I guess not too many from LI??? LOL......


----------



## AmbikaGR (Dec 31, 2007)

I do not live on LI but I have some friends who d and train obedience at 
DOGGIE "U" ACADEMY in Bayshore. This is also the site that the LIGRC holds it's annual specialty at.
Hope that helps ​


----------



## GoldenJoyx'stwo (Feb 25, 2007)

I did visit a facility in the Hampton's and was very impressed by the trainer there. She trains dogs so they can be more easily adopted. Now if only I could remember her name.


----------



## Judi (Feb 26, 2007)

FishinBuddy said:


> Does anyone from LI recommend any trainers. I usually do my own training and have had success but my pup now seems like he is too smart to just teach the basics. I want to see how far I can train this guy and want some fresh Ideas. Any recommendations for quality trainers on LI???


Where do you live on Long Island?
It is a big place.
If you live in Nassau County, it's a long ride to go to the Hamptons.
Suffolk County?


----------



## FishinBuddy (Nov 20, 2008)

Judi said:


> Where do you live on Long Island?
> It is a big place.
> If you live in Nassau County, it's a long ride to go to the Hamptons.
> Suffolk County?


That is very true. I live in mid suffolk county close to Pt.Jefferson, Selden, etc.....
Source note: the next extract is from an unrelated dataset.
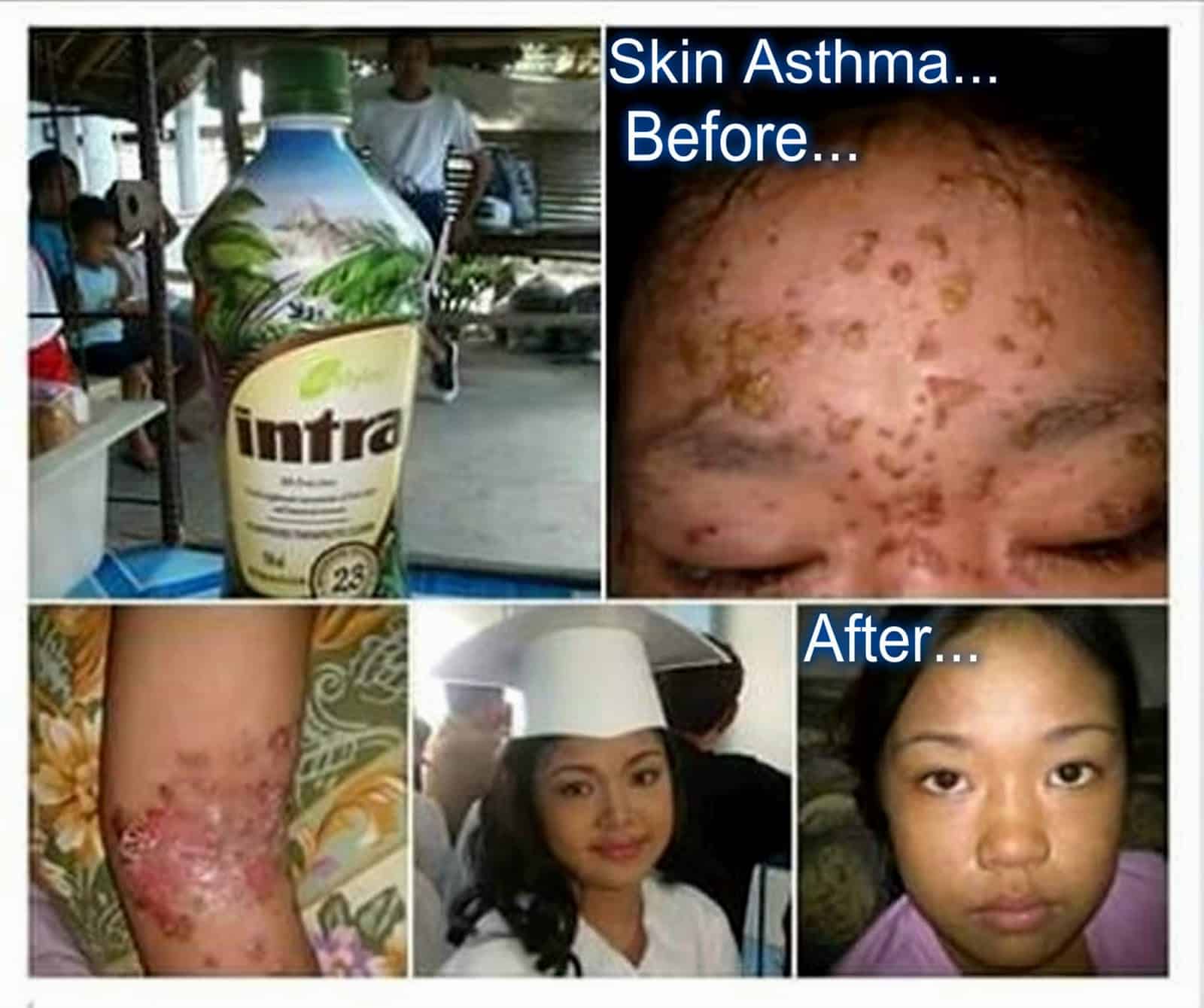 An Invite to Abundant Life: Skin Diseases? Get rid naturally with ...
I was thinking DoggyU in Bayshore and their facility looks incredible.....Just wanted to know if anybody has used them before.....


----------



## Judi (Feb 26, 2007)

I lived in Nassau County.


----------



## FishinBuddy (Nov 20, 2008)

Did you like any particular trainer in Nassau?


----------



## samchu_mammy (Jun 20, 2008)

Not in LI, but Queens here~
Just to say hi, 
sorry, haven't try any trainer in LI...


----------



## FishinBuddy (Nov 20, 2008)

samchu_mammy said:


> Not in LI, but Queens here~
> Just to say hi,
> sorry, haven't try any trainer in LI...


Hello! I am leaning towards doggieU....I just got off the phone with a trainer and she stopped me in the middle of my call and I heard her talking to a student saying "Great Great Job!, That was an excellent Job" The student said "how do you know you were on the phone" She replied " I know I was on the phone but I was still watching" 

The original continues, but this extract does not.